MALAKAND, PAKISTAN – In Pakistan they have have a great sense of the continuity of history.

These days, local government officials are called district coordination officers or DCOs rather than political agents, but when I visited Malakand yesterday I noted that the sign on the gate still read “Political Agent’s Residence” as it must have done since 1895 when the British took control of the area.
 
Above the DCO’s desk was a wooden board listing the names of all the political agents of Dir, Swat, Chitral, Bajaur and Malakand Agency. Number one was Major HA Dean, who lasted from October 1895 until 1899. The encumbent, Arshad Khan, is Number 100.

I looked for 1947, the time of independence and partition. The last British name was Major EH Cobb OBE,  and the first Pakistani was KB Nawab SL Mehboob Ali Khan OBE.

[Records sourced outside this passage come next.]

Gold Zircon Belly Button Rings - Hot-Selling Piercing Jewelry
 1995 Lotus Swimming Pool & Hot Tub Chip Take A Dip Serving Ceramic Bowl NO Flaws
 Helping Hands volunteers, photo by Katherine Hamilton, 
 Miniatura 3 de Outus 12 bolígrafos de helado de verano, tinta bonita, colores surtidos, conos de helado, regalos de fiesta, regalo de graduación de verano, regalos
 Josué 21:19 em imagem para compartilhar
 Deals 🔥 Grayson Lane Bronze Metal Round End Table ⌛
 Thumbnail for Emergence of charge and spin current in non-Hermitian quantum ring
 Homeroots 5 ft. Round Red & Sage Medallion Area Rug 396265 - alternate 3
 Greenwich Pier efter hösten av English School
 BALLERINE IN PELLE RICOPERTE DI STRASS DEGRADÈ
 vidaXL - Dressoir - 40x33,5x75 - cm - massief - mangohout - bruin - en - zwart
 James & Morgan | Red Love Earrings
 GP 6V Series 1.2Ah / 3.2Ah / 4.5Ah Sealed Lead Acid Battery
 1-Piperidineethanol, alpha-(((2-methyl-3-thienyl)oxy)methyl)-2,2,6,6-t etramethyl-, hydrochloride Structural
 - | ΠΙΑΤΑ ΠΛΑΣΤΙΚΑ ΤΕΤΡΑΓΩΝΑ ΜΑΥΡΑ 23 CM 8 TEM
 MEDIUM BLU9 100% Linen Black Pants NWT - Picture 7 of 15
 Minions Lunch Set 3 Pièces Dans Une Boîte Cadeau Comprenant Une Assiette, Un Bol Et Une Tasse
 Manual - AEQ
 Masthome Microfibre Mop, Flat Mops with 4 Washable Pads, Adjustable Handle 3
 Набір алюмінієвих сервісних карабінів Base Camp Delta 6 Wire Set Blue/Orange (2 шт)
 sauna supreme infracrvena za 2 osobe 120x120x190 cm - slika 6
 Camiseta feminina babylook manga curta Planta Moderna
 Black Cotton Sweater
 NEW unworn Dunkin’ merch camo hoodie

I had gone to see a camp for people displaced by the nearby fighting in Swat. We were escorted by a truckload of Malakand Levies, a local paramilitary police whose name hasn’t changed since the colonial days. The head of the North West Frontier Province Red Crescent, a grey haired man with a certain sense of his own importance, greeted me with enthusiasm.
 
“You’re British? We still follow the British. You know that Winston Churchill used to be here in Malakand? And see those pickets…” – he pointed to small fortress-type structures on craggy hilltops. “The British invented pickets! We still have them!”
 
Churchill’s book The Story of the Malakand Field Force was his first, an account of the 1897 British campaign to subdue the North West Frontier, written from his experience as a press officer with the cavalry.
 
Of course, the North West Frontier has never been subdued, hence the current trouble with the Taliban. The next army offensive is likely to be in South Waziristan, where the Pakistani Taliban leader Baitullah Mahsud has his headquarters.

Many of the current Taliban attacks are in exactly the same places in South Waziristan where British forces were hit in the war there between 1936 and 1947. It is probably of little comfort to the current Pakistani government to remember that the British lost.